Integration of ZnO with g-C3N4 structures in core–shell approach via sintering process for rapid detoxification of water under visible irradiation

• Facile sintering process to fabricate mass scale ZnO/g-C3N4 core–shell.
• Interfacial interaction at junction resulted into effective separation of carriers.
• Core–shell structure activity three times high than that of pristine ZnO.
• Highly stable and reusable core–shell structure over four cycles.

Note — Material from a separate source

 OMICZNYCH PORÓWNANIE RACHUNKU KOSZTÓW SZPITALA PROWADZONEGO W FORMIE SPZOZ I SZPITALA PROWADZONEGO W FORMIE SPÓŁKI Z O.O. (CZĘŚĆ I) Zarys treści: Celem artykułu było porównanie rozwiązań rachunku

We integrated ZnO with g-C3N4 nanostructures via successful core–shell formation using single step simple sintering process for photocatalysis application. Analytical tools show that the g-C3N4 shell with an average thickness of 3 nm has been coated onto surface of ZnO nanoparticles. Additionally, few ZnO particles are sporadically distributed on g-C3N4 sheets forming their nanocomposites. Further, these core–shell nanocomposites are used as photocatalysts for the degradation of Rhodamine B (RhB) under visible irradiation. As a result of photocatalysis measurements, it was found that 0.75 wt% zinc source with g-C3N4 exhibited almost two times high kinetic rate constant (k = 6.87 × 10−3 min−1) as compared with that of pure g-C3N4 (k = 3.38 × 10−3 min−1) and ZnO (k = 1.03 × 10−3 min−1) nanostructures. This enhanced photocatalytic performance of core–shell nanocomposites was aroused from effective interfacial charge separation and transportation, resulted into rapid degradation of RhB molecules. Moreover, increased optical absorption in visible region of spectrum revealed the large number of generation of charge carriers. Fabricated ZnO/g-C3N4 core–shell nanocomposites are also stable upto four cycles, indicating its good stability. Therefore, present core–shell nanocomposites can be applied to water purification devices under visible irradiation.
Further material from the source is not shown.